Exercise description
In your copy, include every line of the listing below exactly but none of the pictures.

[Start of Attachment]

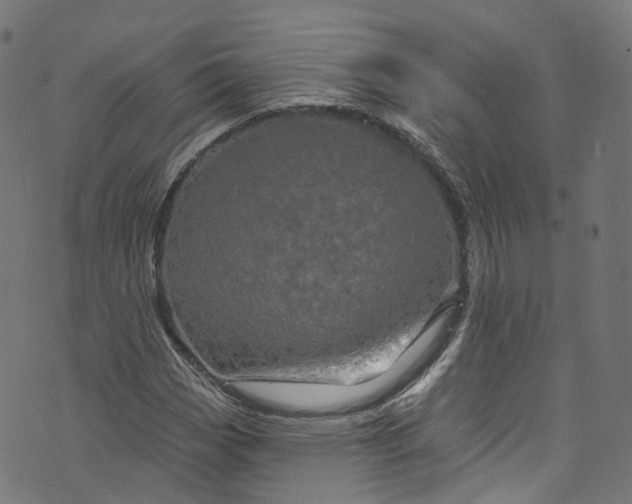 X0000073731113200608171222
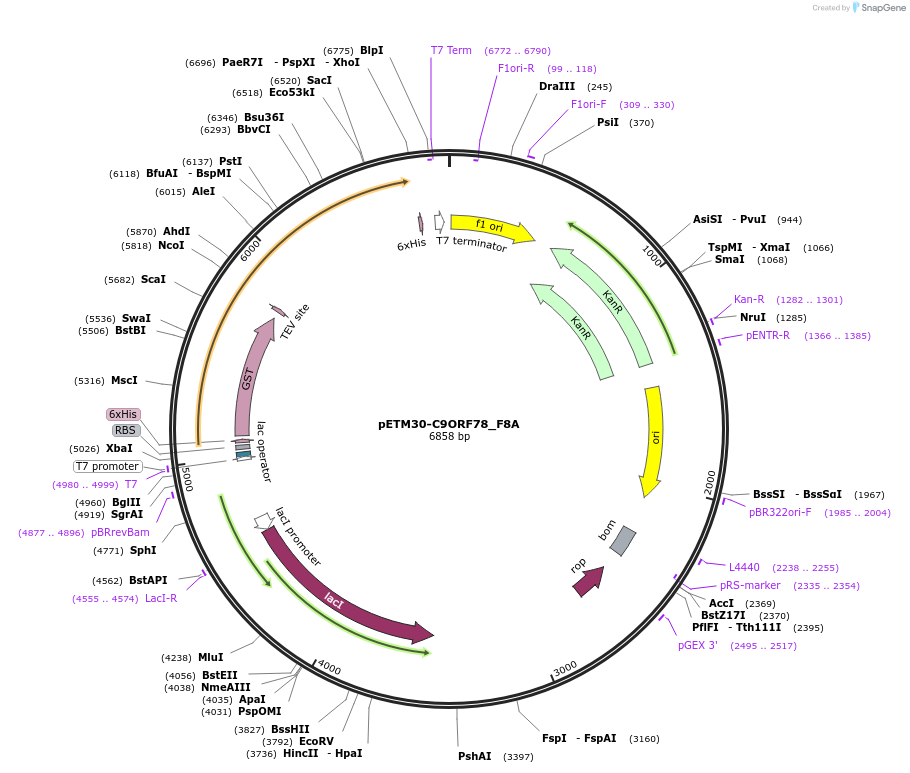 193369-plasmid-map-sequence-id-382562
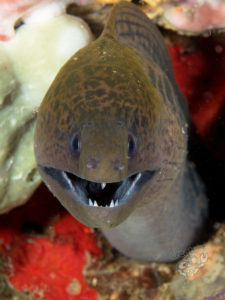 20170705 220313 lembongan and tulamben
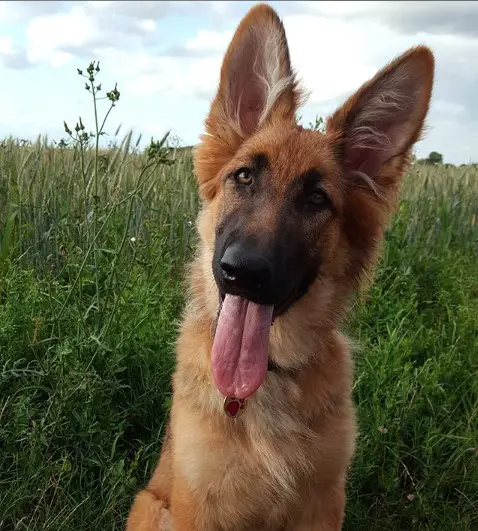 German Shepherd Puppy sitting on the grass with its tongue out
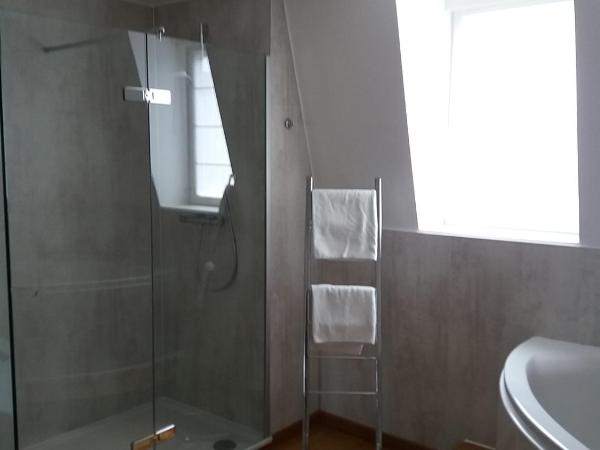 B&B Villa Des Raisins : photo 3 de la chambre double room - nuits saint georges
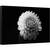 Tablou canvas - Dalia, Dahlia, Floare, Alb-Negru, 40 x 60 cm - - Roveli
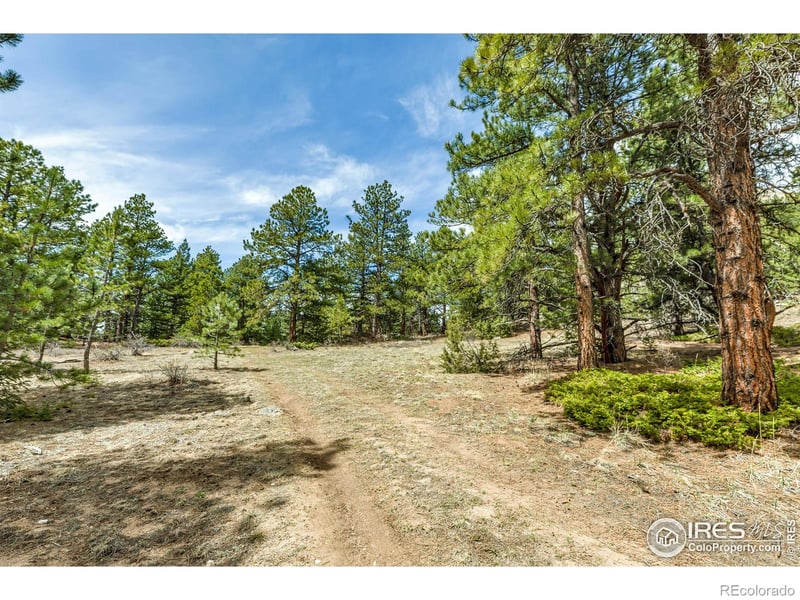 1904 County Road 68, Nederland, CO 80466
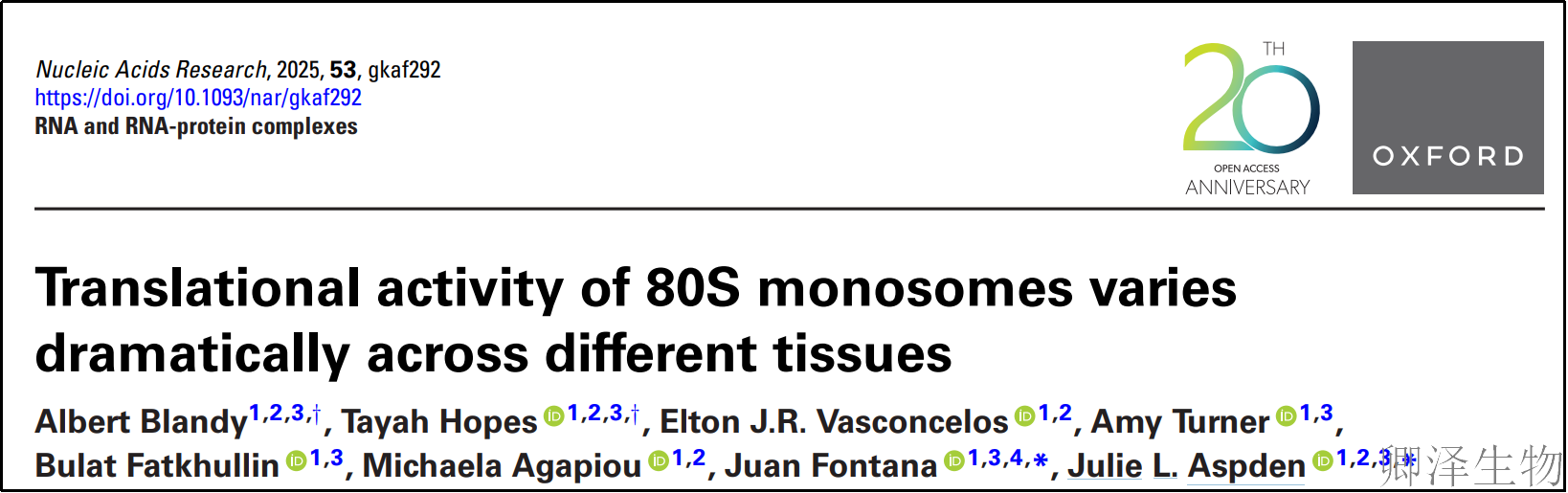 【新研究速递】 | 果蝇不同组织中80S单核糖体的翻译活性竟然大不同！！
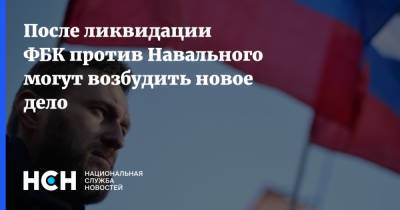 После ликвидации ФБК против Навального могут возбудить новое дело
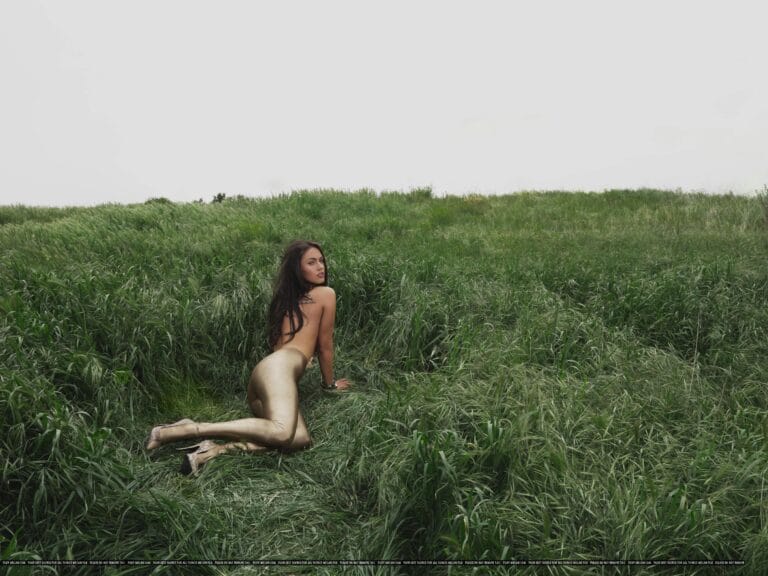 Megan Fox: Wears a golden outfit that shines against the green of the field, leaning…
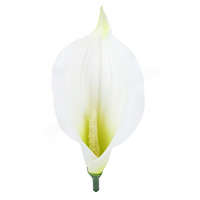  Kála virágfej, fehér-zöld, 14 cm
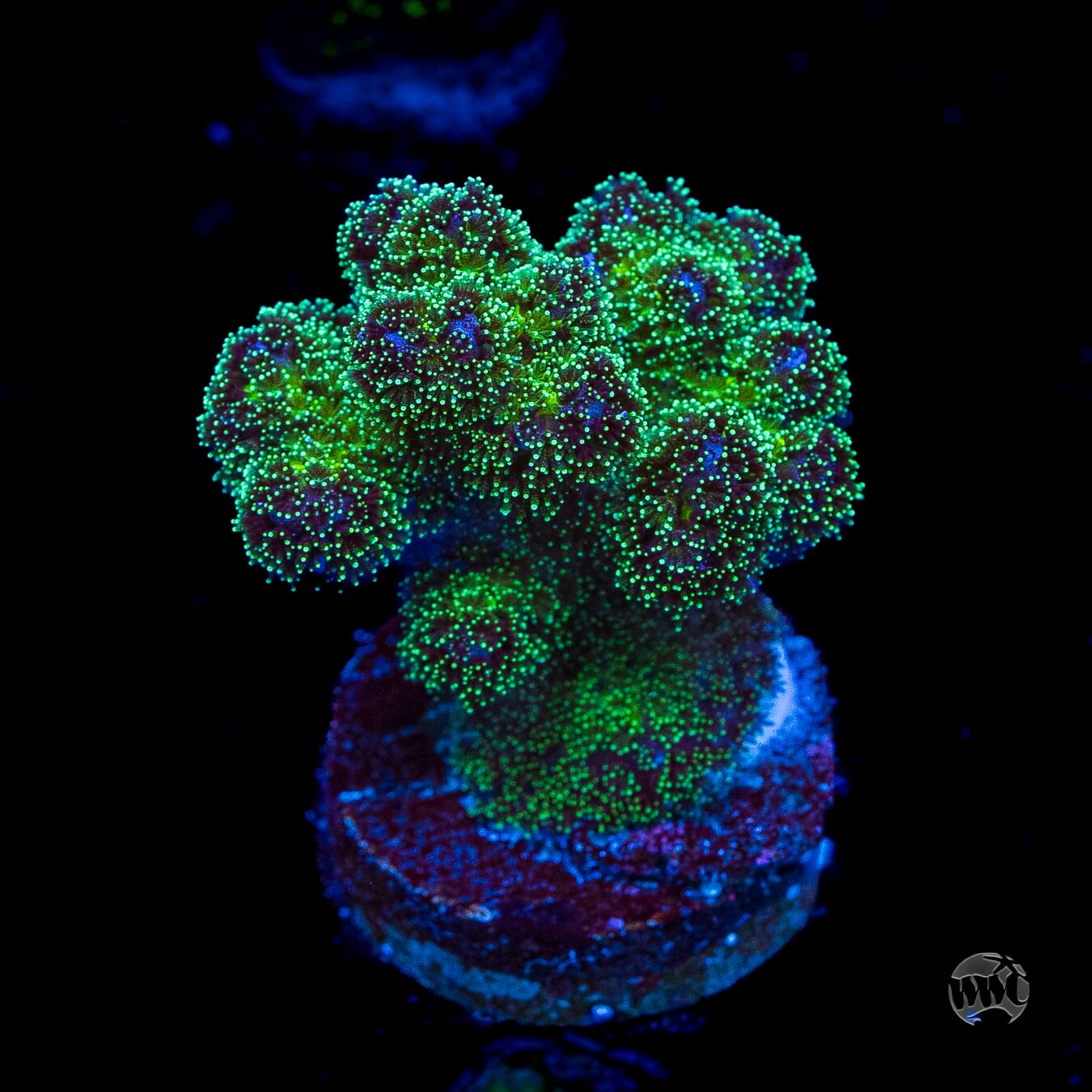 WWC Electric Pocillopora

[End of Attachment]

Solution for this problem
 X0000073731113200608171222
 193369-plasmid-map-sequence-id-382562
 20170705 220313 lembongan and tulamben
 German Shepherd Puppy sitting on the grass with its tongue out
 B&B Villa Des Raisins : photo 3 de la chambre double room - nuits saint georges
 Tablou canvas - Dalia, Dahlia, Floare, Alb-Negru, 40 x 60 cm - - Roveli
 1904 County Road 68, Nederland, CO 80466
 【新研究速递】 | 果蝇不同组织中80S单核糖体的翻译活性竟然大不同！！
 После ликвидации ФБК против Навального могут возбудить новое дело
 Megan Fox: Wears a golden outfit that shines against the green of the field, leaning…
  Kála virágfej, fehér-zöld, 14 cm
 WWC Electric Pocillopora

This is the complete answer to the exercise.